Al contrario, l’obiettivo del Presidente è uno soltanto, per altro a questo punto abbastanza esplicito: ridurre le possibilità del ricorso all’aborto, rendendolo di fatto una pratica inutile. Certo non può agire dall’oggi al domani emanando un ordine esecutivo che la renda illegale a livello federale, ritornando per molti versi prima della sentenza Roe vs Wade accennata all’inizio. Trump sta lavorando di fino, gira attorno al problema e studia la strategia migliore perché l’aborto e i suoi sostenitori ne escano alla fine sconfitti. Nel 2018 ha dichiarato il 22 gennaio come Giornata Nazionale per la Santità della Vita Umana: “ogni vita” ha dichiarato il Presidente “è sacra, ciascuna persona ha la propria dignità […] e nessuna classe può essere etichettata come inumana“. La morte del Giudice della Corte Suprema Ruth Bader Ginsburg è stata ed è ancora un’opportunità d’oro per l’attuale amministrazione: con un giudice in meno tra gli scranni del tribunale più alto degli Stati Uniti, ricordando soprattutto della sua appartenenza al Partito Democratico e del suo orientamento progressista, le possibilità per agire da parte di Pennsylvania Avenue sono pressoché illimitate.
E non è solo la nomina di Amy Coney Barrett come nuovo Giudice, rinomata giurista e avvocata cattolica, sposata, con cinque figli naturali e due adottati, pro-life e di stampo conservatore, nomina che verrà discussa e molto probabilmente anche confermata al Senato; ma anche la promulgazione dell’ultimo ordine esecutivo, datato 25 settembre 2020, volto a impegnare il governo federale a preservare la vita di tutti i bambini fin dalla nascita.

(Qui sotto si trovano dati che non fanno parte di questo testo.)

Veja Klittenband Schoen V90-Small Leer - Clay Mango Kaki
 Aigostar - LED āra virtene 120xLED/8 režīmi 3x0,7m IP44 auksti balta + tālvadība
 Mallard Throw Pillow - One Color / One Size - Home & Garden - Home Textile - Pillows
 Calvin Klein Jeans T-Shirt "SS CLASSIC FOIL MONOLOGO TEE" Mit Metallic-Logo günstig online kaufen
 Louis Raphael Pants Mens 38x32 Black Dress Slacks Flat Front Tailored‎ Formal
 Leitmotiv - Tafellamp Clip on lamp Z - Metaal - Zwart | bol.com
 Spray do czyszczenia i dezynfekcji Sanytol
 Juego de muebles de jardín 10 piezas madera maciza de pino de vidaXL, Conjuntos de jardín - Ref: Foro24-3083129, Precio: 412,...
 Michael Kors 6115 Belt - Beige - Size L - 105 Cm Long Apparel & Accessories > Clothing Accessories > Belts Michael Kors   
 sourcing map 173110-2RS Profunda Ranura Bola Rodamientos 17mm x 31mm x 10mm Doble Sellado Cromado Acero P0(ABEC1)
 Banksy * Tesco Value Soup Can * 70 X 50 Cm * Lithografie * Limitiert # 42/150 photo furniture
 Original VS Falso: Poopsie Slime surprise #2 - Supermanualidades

E in quanto cittadini statunitensi, tutelati dalle leggi e dalle istituzioni americane. Lato sensu, è lampante l’obiettivo: arrivare a definire il feto “persona” e dunque porre l’aborto sotto una luce diversa. Non più un diritto della donna, ma una conclusione innaturale della vita di un individuo innocente, beneficiario anch’egli del diritto alla vita e alla protezione della stessa da parte del governo. Un ragionamento alla Thomas Hobbes con cui conquistare gli elettori più conservatori mantenendo fede alle diverse dichiarazioni fatte nel corso degli anni, considerando tra l’altro il numero sempre più crescente di statunitensi favorevoli a limitazioni, se non in casi più estremi alla delegittimazione, nelle interruzioni di gravidanza. Suggestione che non riguarda soltanto il mondo antiabortista ma anche quello pro-choice. Di qui, una lecita domanda: che Washington stia per affrontare una revisione parziale o totale della Roe vs Wade?